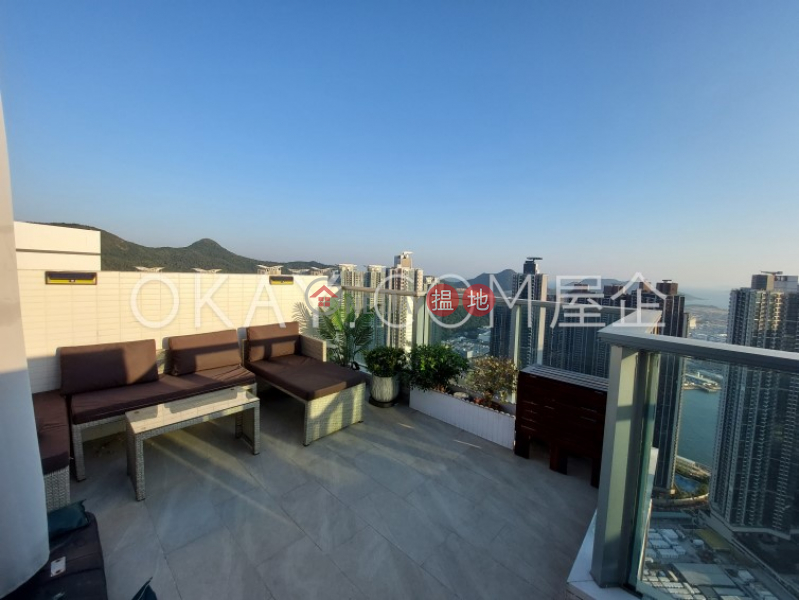 Property Search Hong Kong | OneDay | Residential, Sales Listings | Charming 2 bed on high floor with sea views & rooftop | For Sale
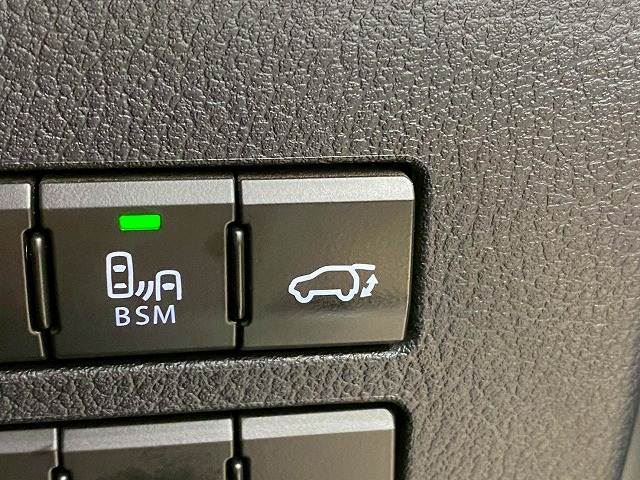 صورة 9 لـ 2017 Lexus NX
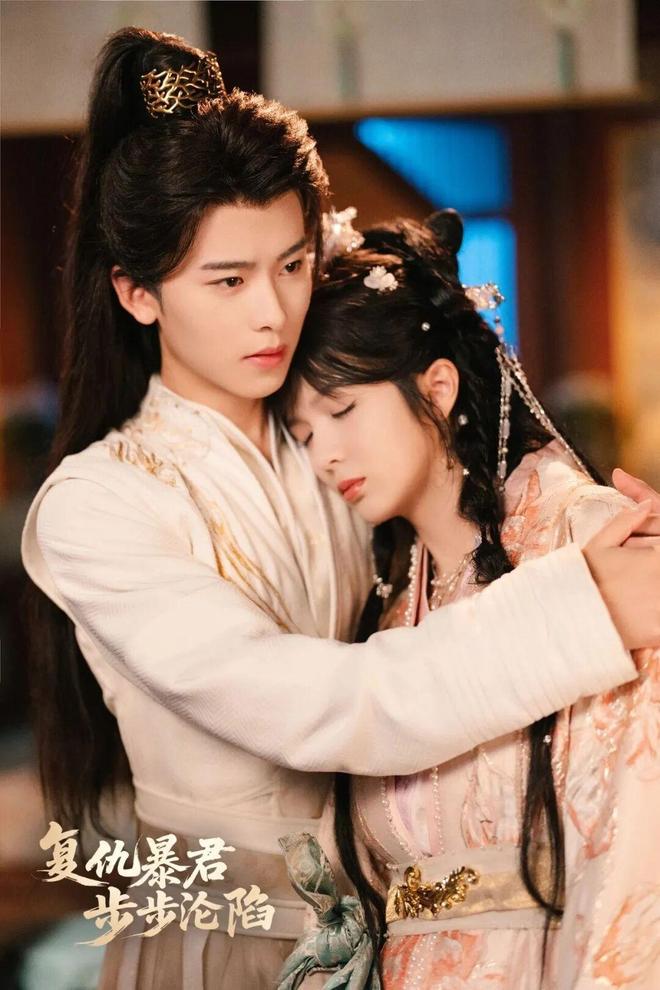 短剧《复仇暴君步步沦陷》定档红果九游会j9登陆松江企业出品精品微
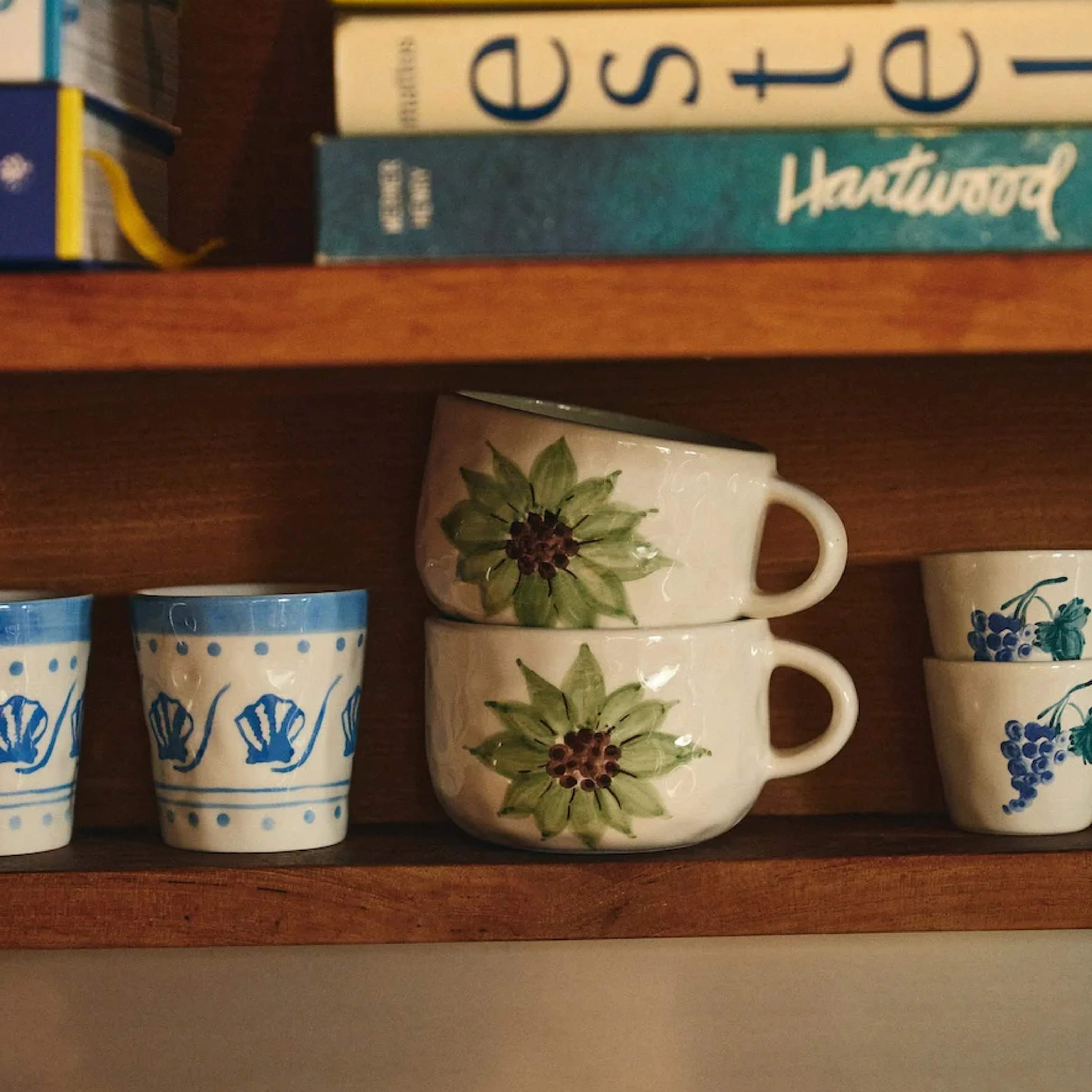 Ceramic Lily Cappuccino Mug | 11cm - Image 2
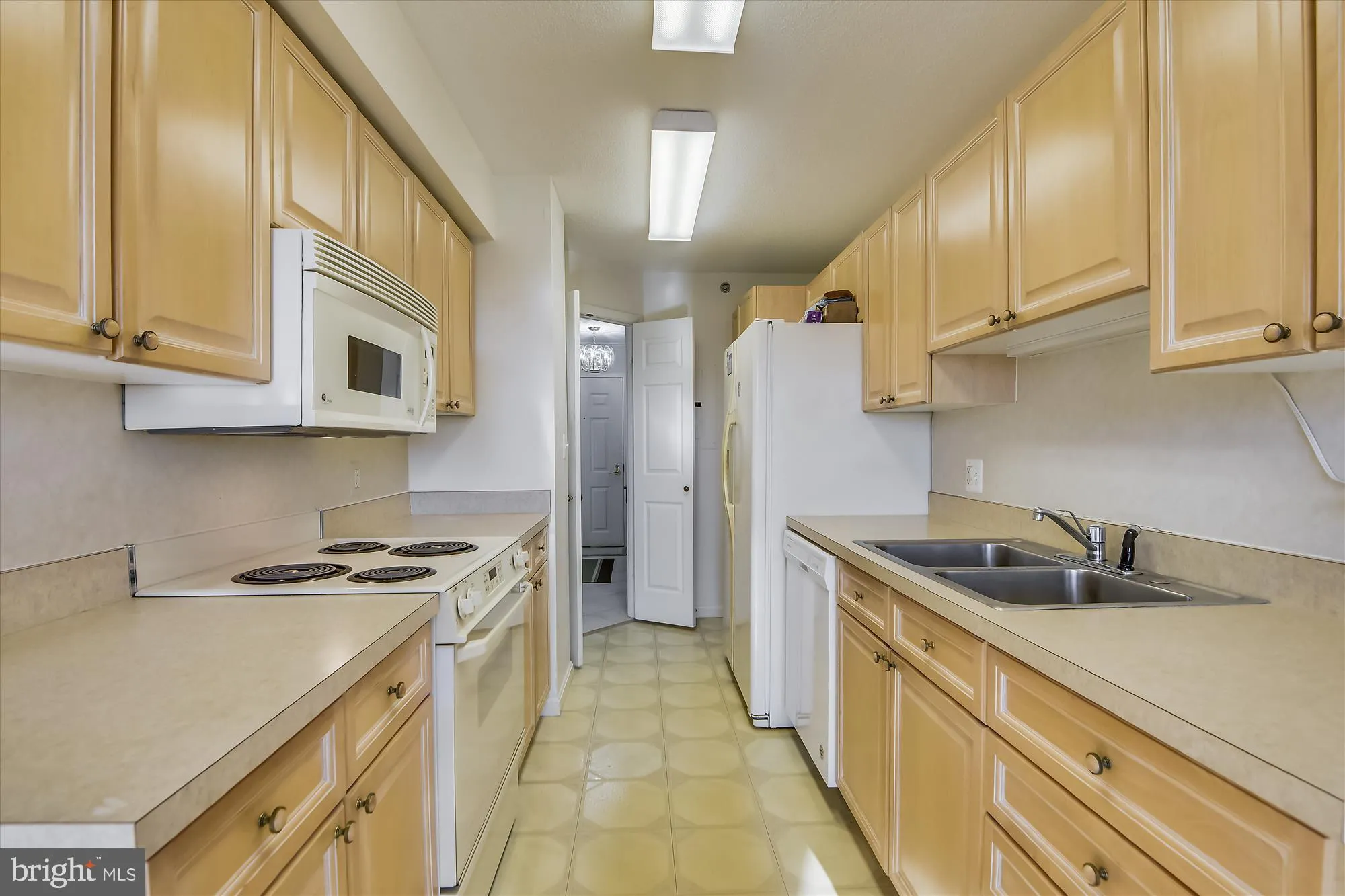 Property Slideshow image 11 of 42 | 19385 cypress ridge ter unit 920, Leesburg, VA, 20176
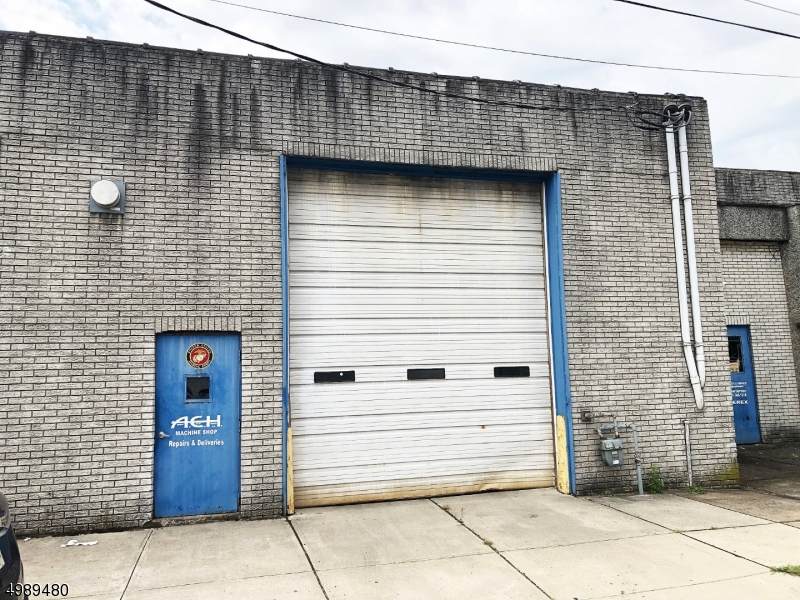 33 Roosevelt Ave - Photo 1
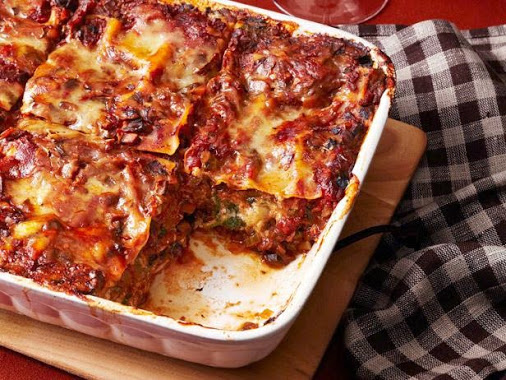 Recipe of the Day: Spinach Lasagna with Mushroom Ragu</p><br class=
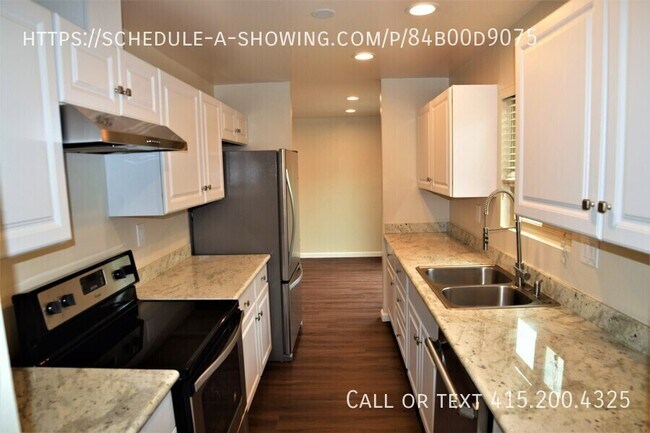 Building Photo - Remodeled Three Bedroom in Upper Seaside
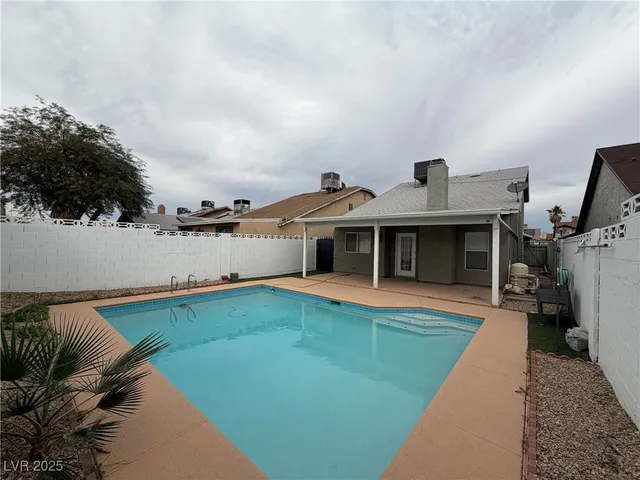 $2,100 | 516 Inness Avenue, Henderson, NV 89011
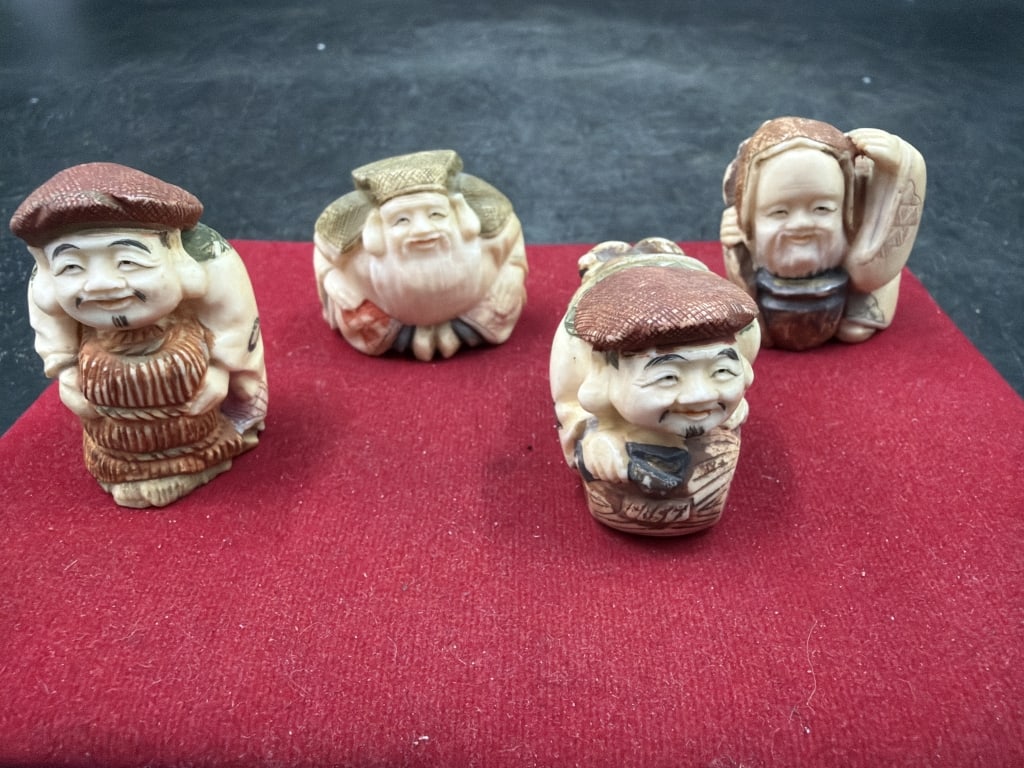 Vintage Asian Miniatures: Total of 4 in this lot. Decorated items that are hand painted. Condition is good, see pictures. No refunds given.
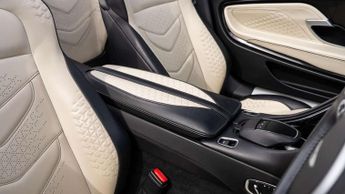 Aston Martin DBS Volante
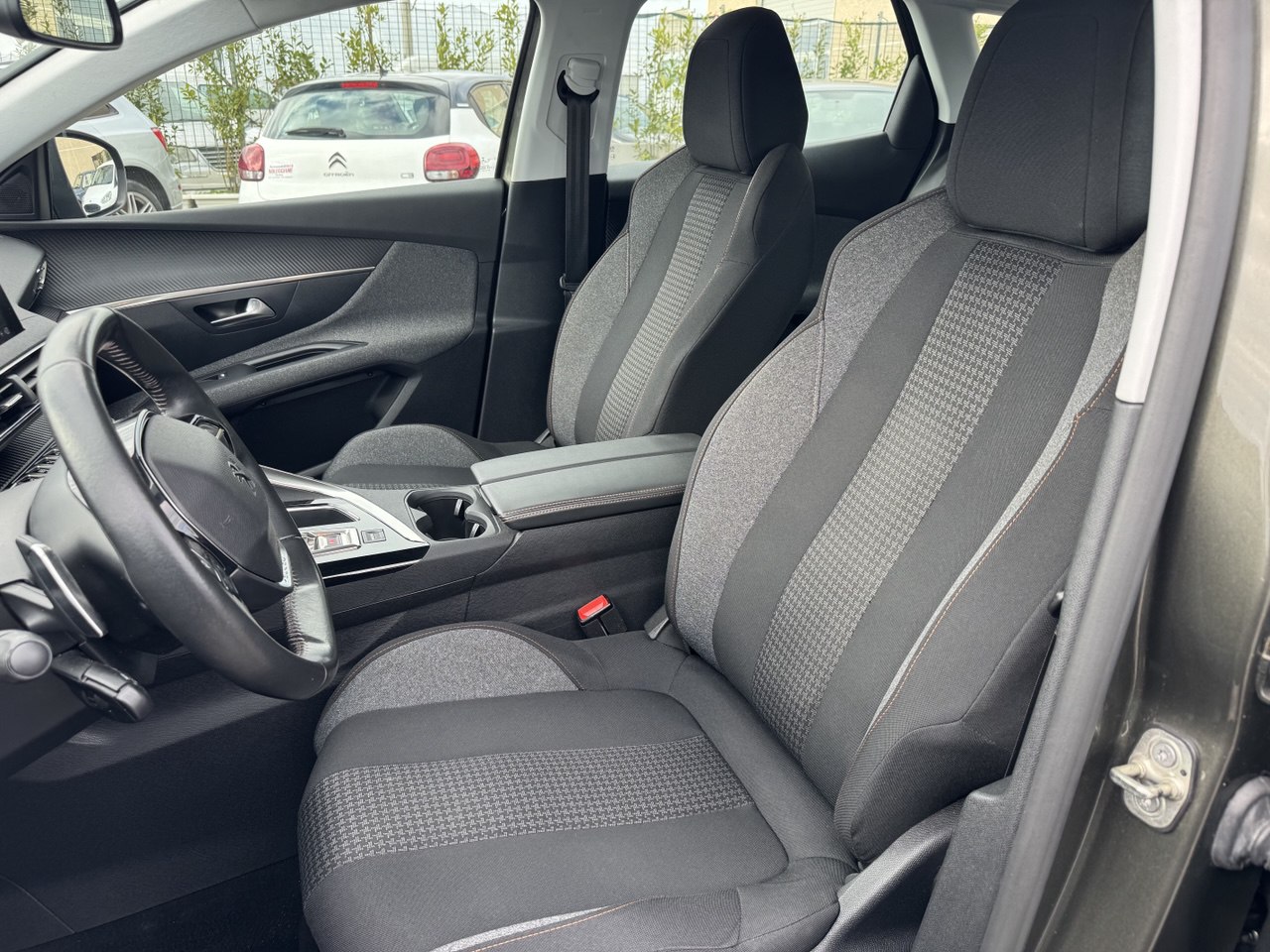 PEUGEOT 3008 BLUEHDI 130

################

_EXERCISE DESCRIPTION:_ The answer is those lines of the material above that run from the one containing "صورة 9 لـ 2017 Lexus NX" up to and including the one containing "Henderson, NV 89011", restated exactly and without images.

_SOLUTION FOR THIS PROBLEM:_
 صورة 9 لـ 2017 Lexus NX
 短剧《复仇暴君步步沦陷》定档红果九游会j9登陆松江企业出品精品微
 Ceramic Lily Cappuccino Mug | 11cm - Image 2
 Property Slideshow image 11 of 42 | 19385 cypress ridge ter unit 920, Leesburg, VA, 20176
 33 Roosevelt Ave - Photo 1
 Recipe of the Day: Spinach Lasagna with Mushroom Ragu</p><br class=
 Building Photo - Remodeled Three Bedroom in Upper Seaside
 $2,100 | 516 Inness Avenue, Henderson, NV 89011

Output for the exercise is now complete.